Foxtrots – leading the industry in a dance.



2009 March 23


PAGPFT (pronounced PAG-puffed); People Are Getting Paid For This. BA’s bad English, and singlets; London airport’s bagger.


[] British Airways says:


“We have come up with a phrase to describe what we are – ‘The experts that fly our customers with style’. Whoops. If you can understand the meaning despite the grammatical error, you are left with something that sounds wrong. PAGPFT.


“We have a strong network well poised for growth”. To me, that phrase seems either contradictory or meaningless? PAGPFT.



[] A stewardess, not young, on BA flight, asked one passenger at a time what they wanted to drink, and then returned to the trolley to get it, then asked the next passenger what they wanted, and so on. My quick estimate is that she took twice as long to serve a row of six passengers than if she asked two people what they wanted and then returned to the trolley to fulfill the order.


She is getting paid for that, so is the person who does the BA training. But the people paying are the passengers – with their drinks coming about 10 minutes after their food has been served. PAGPFT.

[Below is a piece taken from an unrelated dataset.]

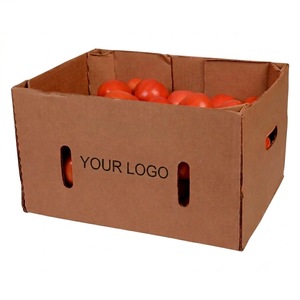 Corrugated Portable <b>Paper</b> Box Embossing Recyclable Heavy-Duty Fresh Produce Grocery Packaging Durable Carrier Shipping Cartons - Product Image 2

[] Standard announcement at London Heathrow airport: “Passengers are reminded to take all their baggage with them when leaving the building”. Someone got paid for deciding that if passengers were not told otherwise, they would leave some baggage behind?


Or is it that if they do leave something behind in the terminal and it is lost for ever/stolen, the airport can say “But we told you!”. PAGPFT.



The Fox

World Tourism Organization. Seven Steps to Heaven.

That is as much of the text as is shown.